Task instructions: Beginning with the line that has "this 1270×952 image.", reproduce each remaining line of the data exactly, down to and including the last.

Stored dataset items:
_ _ _ _ _
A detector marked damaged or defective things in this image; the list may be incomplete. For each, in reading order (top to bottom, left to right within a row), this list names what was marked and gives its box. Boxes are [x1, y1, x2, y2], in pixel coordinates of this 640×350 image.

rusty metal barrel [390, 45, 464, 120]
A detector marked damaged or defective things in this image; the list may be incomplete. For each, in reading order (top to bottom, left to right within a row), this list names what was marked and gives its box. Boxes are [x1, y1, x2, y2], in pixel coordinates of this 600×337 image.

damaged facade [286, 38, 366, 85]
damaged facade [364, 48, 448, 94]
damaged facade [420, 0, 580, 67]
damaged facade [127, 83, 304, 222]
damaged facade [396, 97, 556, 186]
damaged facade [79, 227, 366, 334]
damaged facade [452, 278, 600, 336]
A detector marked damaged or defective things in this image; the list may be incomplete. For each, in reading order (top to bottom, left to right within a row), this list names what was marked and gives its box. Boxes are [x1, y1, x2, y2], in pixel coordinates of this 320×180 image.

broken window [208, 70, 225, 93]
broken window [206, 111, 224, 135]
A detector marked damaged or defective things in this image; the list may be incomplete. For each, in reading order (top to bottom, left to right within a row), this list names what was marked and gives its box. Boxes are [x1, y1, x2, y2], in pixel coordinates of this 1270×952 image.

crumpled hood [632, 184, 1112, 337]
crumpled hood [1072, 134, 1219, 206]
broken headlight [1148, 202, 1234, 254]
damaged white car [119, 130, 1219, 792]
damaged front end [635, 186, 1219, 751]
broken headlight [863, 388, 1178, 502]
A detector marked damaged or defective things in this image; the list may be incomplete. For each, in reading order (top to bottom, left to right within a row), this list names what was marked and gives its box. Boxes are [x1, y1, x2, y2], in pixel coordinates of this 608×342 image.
_ _ _ _ _
Solution for this problem:
A detector marked damaged or defective things in this image; the list may be incomplete. For each, in reading order (top to bottom, left to right within a row), this list names what was marked and gives its box. Boxes are [x1, y1, x2, y2], in pixel coordinates of this 1270×952 image.

crumpled hood [632, 184, 1112, 337]
crumpled hood [1072, 134, 1219, 206]
broken headlight [1148, 202, 1234, 254]
damaged white car [119, 130, 1219, 792]
damaged front end [635, 186, 1219, 751]
broken headlight [863, 388, 1178, 502]
A detector marked damaged or defective things in this image; the list may be incomplete. For each, in reading order (top to bottom, left to right within a row), this list names what was marked and gives its box. Boxes are [x1, y1, x2, y2], in pixel coordinates of this 608×342 image.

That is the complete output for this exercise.